2d classification becomes very very slow in the last iteration

dingwei · March 18, 2021, 4:52am

particles: 2,300,000
Number of 2D classes: 100
GPU: 8 X 2080ti
use ssd: yes

From cycle 1 to cycle 19, each cycle use about 4~5 minute, but for the last cycle, 3 hours past but the job is still running.
Does anyone know why? And how to speed up the job?

mmclean · March 18, 2021, 1:10pm

Hi @dingwei,

The final iteration of 2D classification by default will process the full set of particles input to the job (2.3M here) whereas each other iteration will process a much smaller subset, equal to the number of 2D classes multiplied by the “batchsize per class” parameter. By default the batchsize per class is 100, so each iteration was only processing 10,000 particles out of the full 2.3M – which explains why the last iteration was a few orders of magnitude slower. You can turn off the final full dataset iteration by setting the “Number of final full iterations” parameter to 0, however, here it will result in most of your dataset not being seen during the 2D classification, which is probably not desirable. If you have multiple GPUs available, another workaround to speed it up would be to use the Particle Sets Tool job to manually split your particle stack into batches, and run separate 2D classifications on each batch. Then you can use Select 2D and combine the good classes from both jobs, and re-run a 2D classification on the “good” particle stack.

Best,
Michael

dingwei · March 18, 2021, 1:14pm

Thank you very much for your detail explanation. I will try to split my particles and rerun the job!
Best!
Wei

olibclarke · March 18, 2021, 1:28pm

Hi @mmclean - one query about this - in the initial iterations, is each subset randomly chosen and unique? So if I have 20 initial iterations each seeing 10000 particles, has the classification “seen” 200k particles? Or are the randomly chosen subsets overlapping with one another?

mmclean · March 18, 2021, 1:34pm

Hey @olibclarke,

The order of the particle stack is first randomized at the start of the job, and then its looped through sequentially in batches with no overlap (unless you reach the end of the stack, in which case all particles have been seen, and it will roll around back to the start batch).
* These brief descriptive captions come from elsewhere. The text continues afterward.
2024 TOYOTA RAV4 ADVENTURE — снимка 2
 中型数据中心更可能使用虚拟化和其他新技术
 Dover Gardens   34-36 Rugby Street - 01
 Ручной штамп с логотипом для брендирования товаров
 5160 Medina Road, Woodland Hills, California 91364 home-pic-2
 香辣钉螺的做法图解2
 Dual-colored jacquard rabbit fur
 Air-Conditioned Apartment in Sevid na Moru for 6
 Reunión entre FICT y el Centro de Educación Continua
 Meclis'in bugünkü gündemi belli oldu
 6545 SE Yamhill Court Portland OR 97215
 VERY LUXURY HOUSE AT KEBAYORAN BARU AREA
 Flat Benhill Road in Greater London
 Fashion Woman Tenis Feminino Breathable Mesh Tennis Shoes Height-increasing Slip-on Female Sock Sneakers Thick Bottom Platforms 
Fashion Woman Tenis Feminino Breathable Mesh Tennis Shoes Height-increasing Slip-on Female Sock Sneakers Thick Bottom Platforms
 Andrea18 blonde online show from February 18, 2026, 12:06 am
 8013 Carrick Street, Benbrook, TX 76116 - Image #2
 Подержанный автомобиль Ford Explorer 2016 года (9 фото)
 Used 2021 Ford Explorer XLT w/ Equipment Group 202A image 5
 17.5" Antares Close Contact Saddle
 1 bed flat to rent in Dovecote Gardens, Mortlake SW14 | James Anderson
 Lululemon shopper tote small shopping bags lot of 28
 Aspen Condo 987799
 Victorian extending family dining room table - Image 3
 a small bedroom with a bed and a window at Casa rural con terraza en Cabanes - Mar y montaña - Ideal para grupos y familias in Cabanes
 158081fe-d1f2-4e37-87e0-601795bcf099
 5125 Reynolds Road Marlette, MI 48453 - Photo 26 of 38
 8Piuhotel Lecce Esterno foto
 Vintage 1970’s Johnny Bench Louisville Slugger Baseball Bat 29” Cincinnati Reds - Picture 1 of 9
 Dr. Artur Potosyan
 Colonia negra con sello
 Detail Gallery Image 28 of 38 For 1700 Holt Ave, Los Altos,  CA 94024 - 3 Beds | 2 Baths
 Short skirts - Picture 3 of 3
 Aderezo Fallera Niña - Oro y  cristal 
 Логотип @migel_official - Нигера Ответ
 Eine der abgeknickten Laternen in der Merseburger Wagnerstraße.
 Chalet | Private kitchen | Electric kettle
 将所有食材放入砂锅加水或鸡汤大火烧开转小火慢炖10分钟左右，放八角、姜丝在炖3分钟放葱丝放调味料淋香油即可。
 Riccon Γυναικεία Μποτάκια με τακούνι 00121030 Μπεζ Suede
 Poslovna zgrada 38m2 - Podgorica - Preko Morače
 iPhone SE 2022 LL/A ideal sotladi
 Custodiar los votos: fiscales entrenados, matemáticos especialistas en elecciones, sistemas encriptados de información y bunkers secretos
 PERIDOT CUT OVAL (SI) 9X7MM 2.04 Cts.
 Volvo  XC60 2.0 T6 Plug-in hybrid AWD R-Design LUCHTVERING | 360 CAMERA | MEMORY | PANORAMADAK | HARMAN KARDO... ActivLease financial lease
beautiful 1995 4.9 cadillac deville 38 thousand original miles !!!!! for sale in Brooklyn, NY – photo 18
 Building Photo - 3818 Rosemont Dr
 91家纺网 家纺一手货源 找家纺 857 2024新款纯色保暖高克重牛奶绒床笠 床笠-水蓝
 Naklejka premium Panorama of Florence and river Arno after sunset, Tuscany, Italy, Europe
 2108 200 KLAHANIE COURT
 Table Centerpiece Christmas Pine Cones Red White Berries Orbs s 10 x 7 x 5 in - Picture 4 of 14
So yes – all particles should be seen once before any are seen twice.

Best,
Michael

olibclarke · March 18, 2021, 1:36pm

Ok - so in that case, is there an advantage in doing a final full iteration if all particles have been seen at least once in the initial iterations?

(I’m thinking specifically about cases with low SNR particles where we often perform more initial iterations with larger batch sizes)

mmclean · March 18, 2021, 1:39pm

In general the biggest benefit is probably in the classification accuracy – the particles that were seen in the first 1-5 iterations were probably classified rather poorly, since the classes often haven’t converged at that stage. Seeing all particles at the end will make sure that each particle is classified against the current best reference, which is likely important if you are using 2D class to filter junk.

Best,
Michael

olibclarke · March 20, 2021, 9:28pm

Hi @mmclean - if this is the case then I’m not sure the numbers (“particles classified”) reported by Live are correct. I just ran a streaming refinement with Live using 180 classes, batchsize 400, and 40 iterations. In this case the number of particles classified should be ~2.8M, right? But it only reports 720k particles as having been classified.

mmclean · March 22, 2021, 3:38pm

Hey @olibclarke,

The logic in streaming 2D classification is substantially different from that in standard 2D classification partially because we’re continually checking for new particles. If you could send us a screenshot of the sidebar on the live session (including the 2D class stats and also the number of extracted particles) where you’re seeing this discrepancy we can help investigate further.

Best,
Michael